[Caption-style text data]
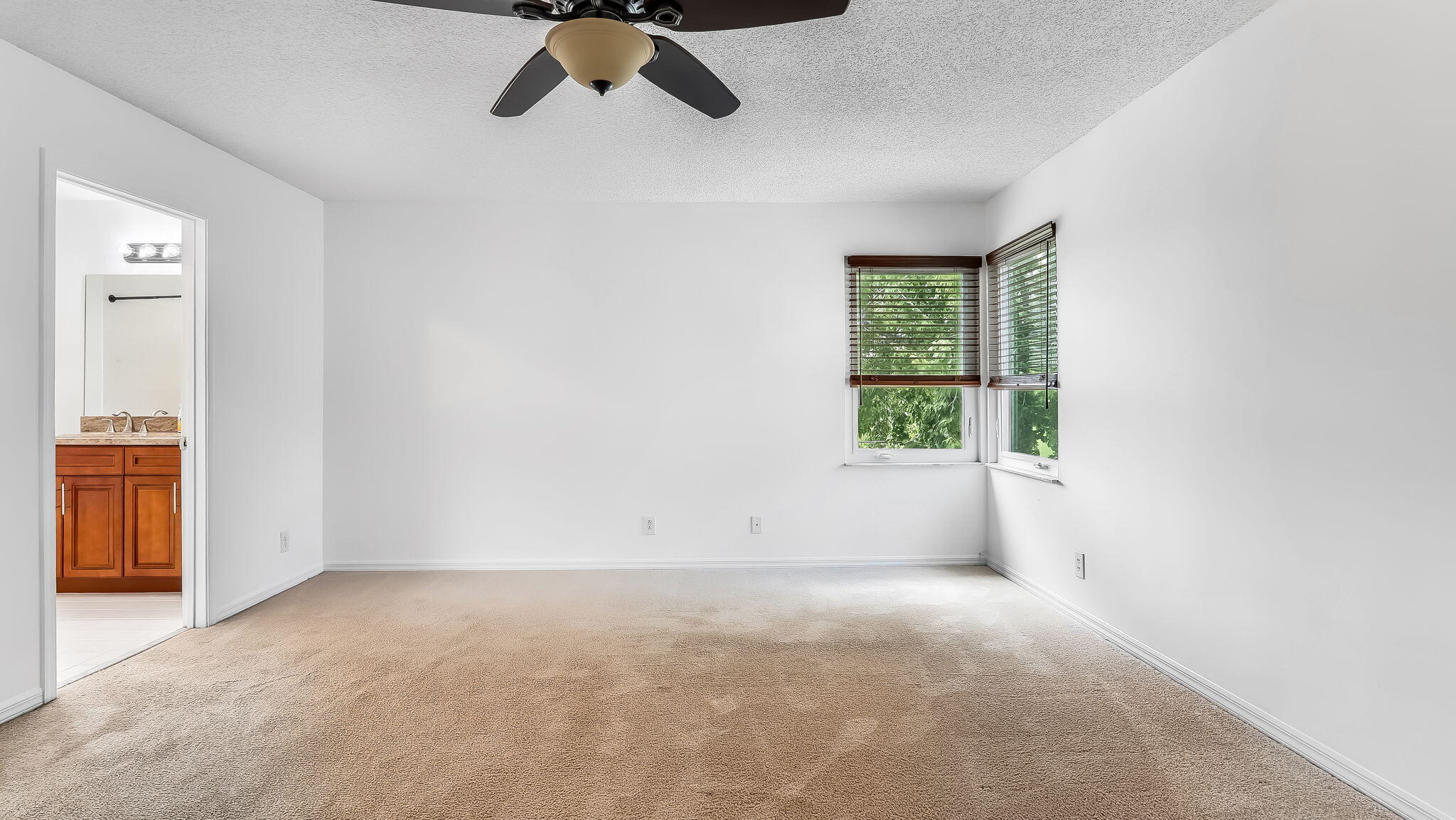 23329 TREELINE Drive
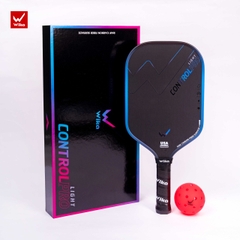 Vợt pickleball Wika Control Pro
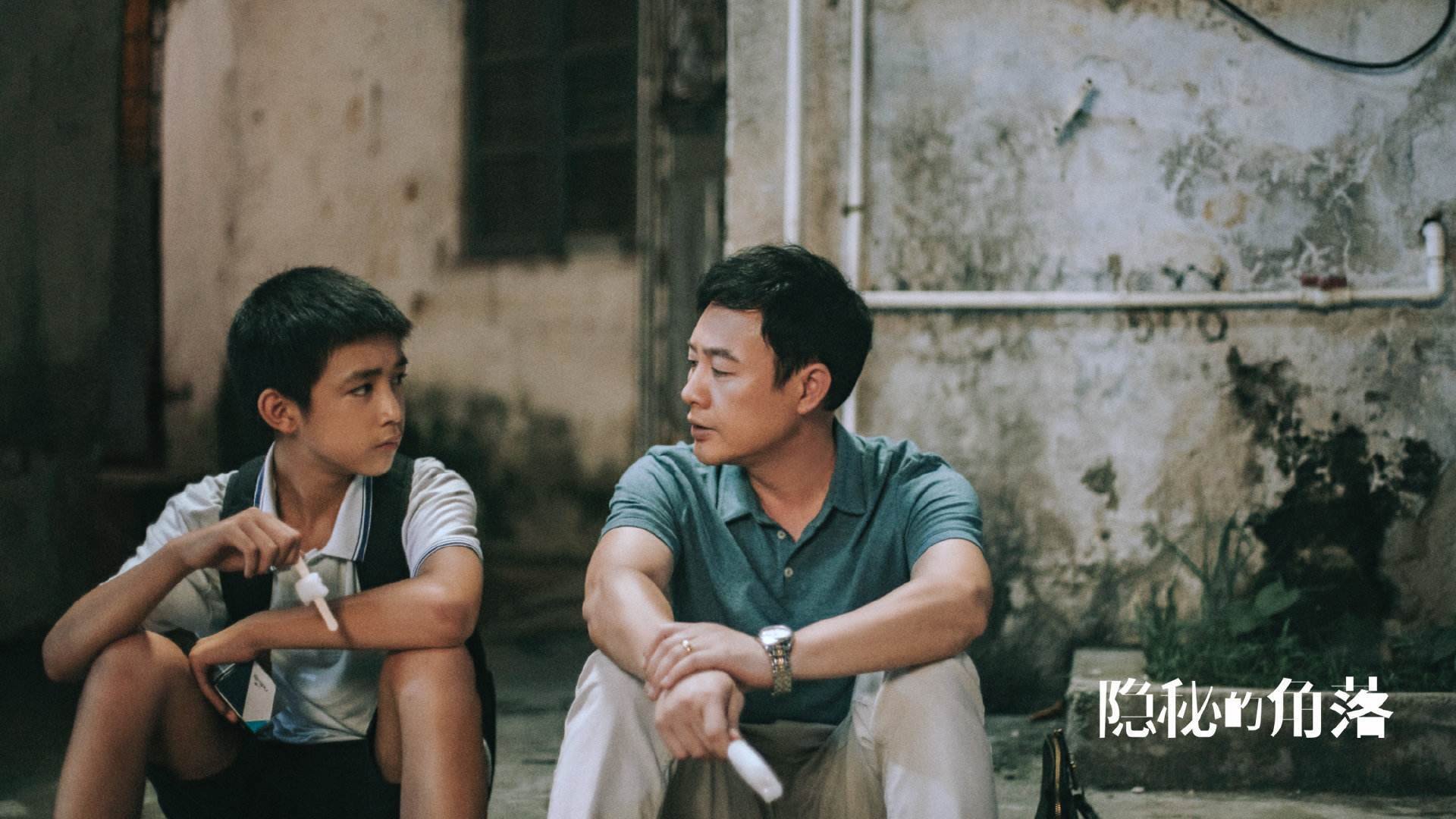 攻防失衡的华丽错觉,戈贝尔砍分背后的残酷逻辑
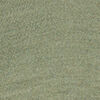 FERN GARMENT-DYED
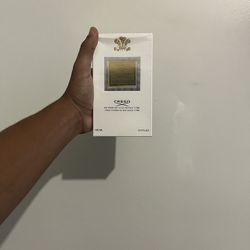 Creed imperial aventus 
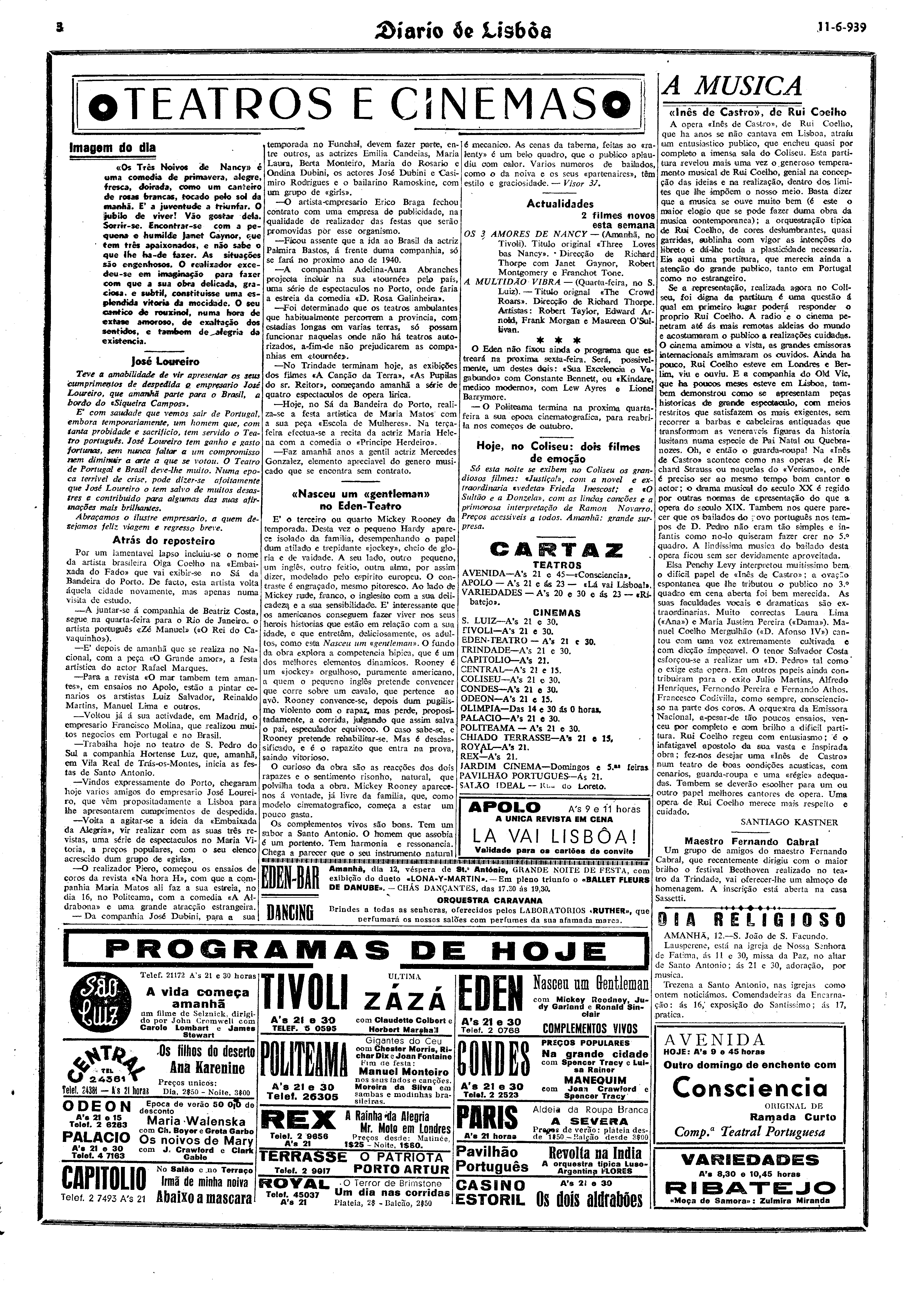 05765.029.07307- pag.3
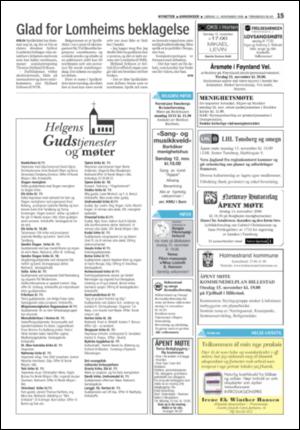 tonsbergsblad_del2-20061111_000_00_00_012.pdf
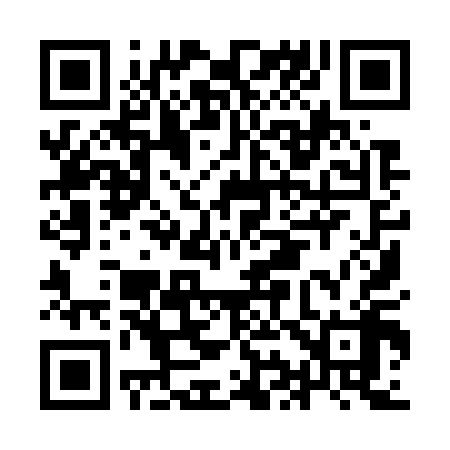 QR code for II9718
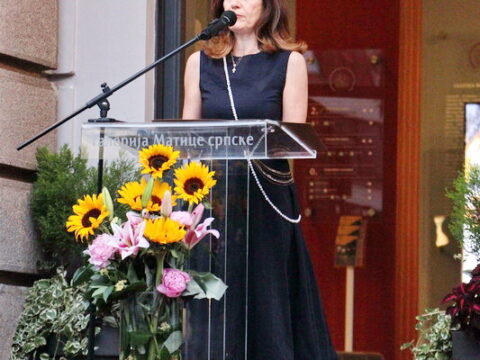 IMG_9077_resize
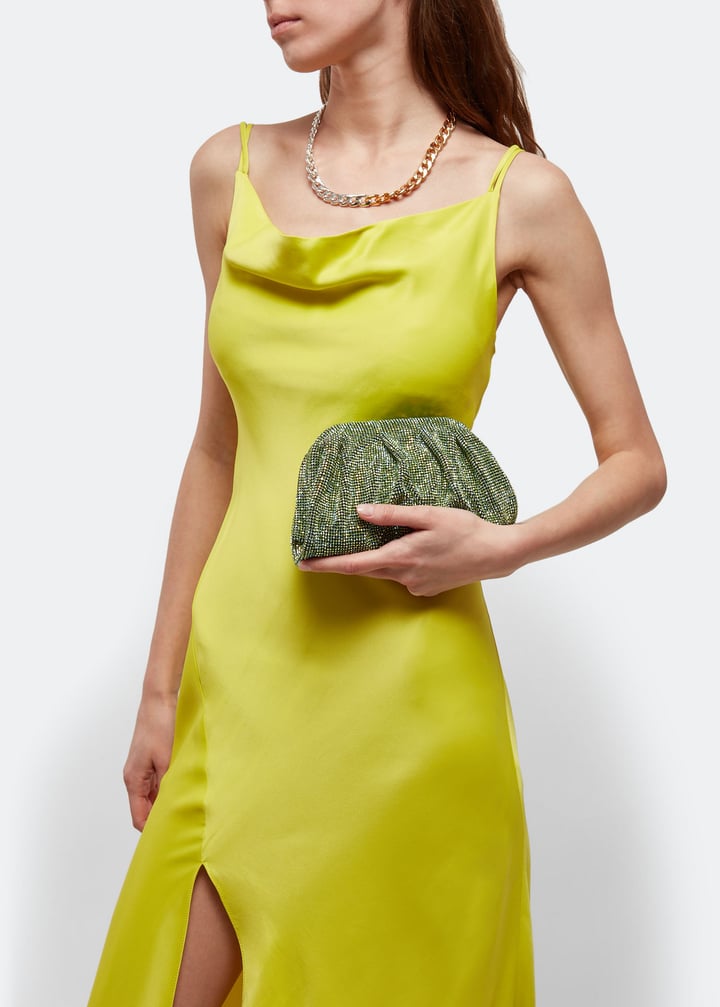 4976-fangrn_2.jpg?ts=20220505182809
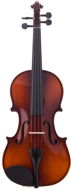 Antoni ACV31 - Violin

▶ Work task: When you copy the records above, keep every word exact but leave out the pictures.

▶ Solution:
 23329 TREELINE Drive
 Vợt pickleball Wika Control Pro
 攻防失衡的华丽错觉,戈贝尔砍分背后的残酷逻辑
 FERN GARMENT-DYED
 Creed imperial aventus 
 05765.029.07307- pag.3
 tonsbergsblad_del2-20061111_000_00_00_012.pdf
 QR code for II9718
 IMG_9077_resize
 4976-fangrn_2.jpg?ts=20220505182809
 Antoni ACV31 - Violin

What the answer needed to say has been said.